Chip Makers Embrace Co-Processors, Again
October 2, 2006 Timothy Prickett Morgan
If chip makers could put enough transistors on a chip, you could bet that by now they would have hard coded operating systems, middleware, and applications onto their circuits. Perhaps someday we will see such a feat, but in the meantime, the current crop of chip makers are looking to move beyond the familiar central processors with their cache hierarchies and memory and I/O buses to do what might be called asymmetric processing.
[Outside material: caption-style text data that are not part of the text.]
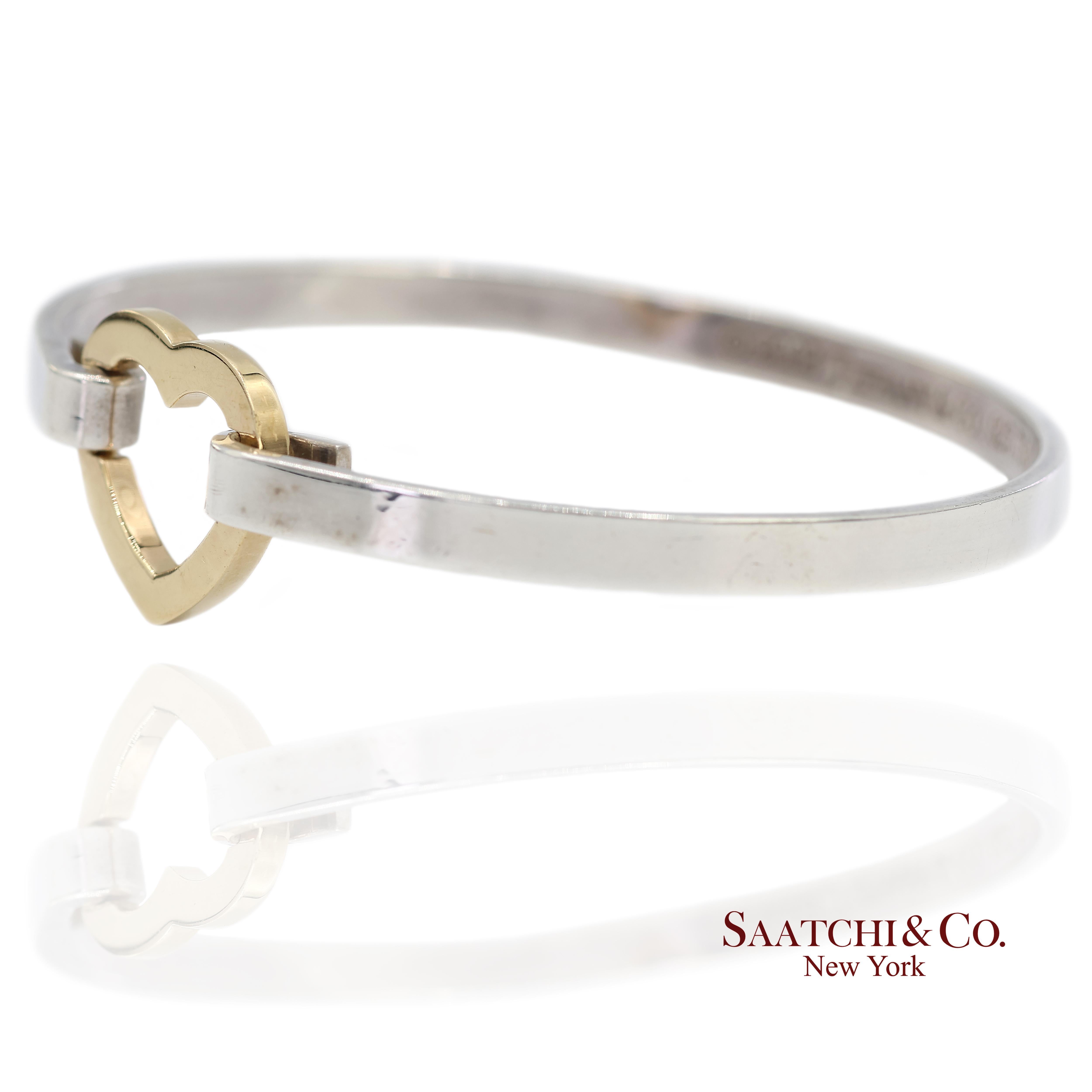 Bracciale a cuore in oro giallo 18k e argento sterling

Tipo di metallo: Oro giallo 18 carati e argento sterling
Peso totale dell'articolo: 15,2 grammi
Lunghezza: 18,5 mm
Larghezza: 16.0 mm
Altezza: 2.1 mm
Grande: No

Punzoni: © 2003 Tiffany & Co.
The idea of using a co-processor, which does specific tasks and coordinates work with a central processor is far from new. The most famous early co-processor was probably the Intel 8087, which was a floating point math unit that plugged into a socket beside a general purpose 8088 processor, like those used in early PCs. The 8088 could emulate floating point math in software, and did in the absence of the 8087 unit. But when the 8088 saw that it had an 8087 math unit, it gladly offloaded that work, and did other tasks. The result was a machine that was substantially faster.
In time, of course, math units have been integrated into general purpose processors, much as L1 cache and L2 cache have been and, in some cases, as have main memory controllers, peripheral interfaces, and other external circuits that used to be on a motherboard or in a chip package. With the 80486, Intel moved the math unit inside all of its processors; ditto with Motorola and the 68040. By the early 1990s, math was no longer an option, with so many calculations being performed to create graphical user interfaces.
High speed interconnection schemes, high volume chip manufacturing, and high density chip making processes are all making it possible for a new breed of co-processors to come into being. It might seem that with billions of transistors on a chip, the need for a co-processor would be greatly diminished. Anything on an external circuit can be, in theory, moved onto the processor chip, including TCP/IP, database, and other kinds of acceleration as well as encryption/decryption units, and so forth. But throwing in the kitchen sink on a general purpose processor, covering all possible scenarios, is a foolish waste of chip factory yields and chip real estate. In many ways, having few different types of general purpose processor complexes–with their caches and memory controllers–that tightly couple to external co-processors is a better idea. This way, customers add the functionality to their machines as they need it.
Rather than try to fight this, chip makers such as Intel and Advanced Micro Devices are working to make it easier for companies that engineer new kinds of co-processors to hook into the systems that are based on their respective Xeon, Itanium, and Opteron processors.
For AMD, everything comes back to the HyperTransport interconnect, which is used to link Opteron processors to their main memory and I/O buses. AMD’s Torrenza initiative, created earlier this year, is more fully opening up the HyperTransport specification (which has been licensed by most of the big server makers). This will foster a whole new breed of co-processors for the Opteron architecture–or so AMD is hoping.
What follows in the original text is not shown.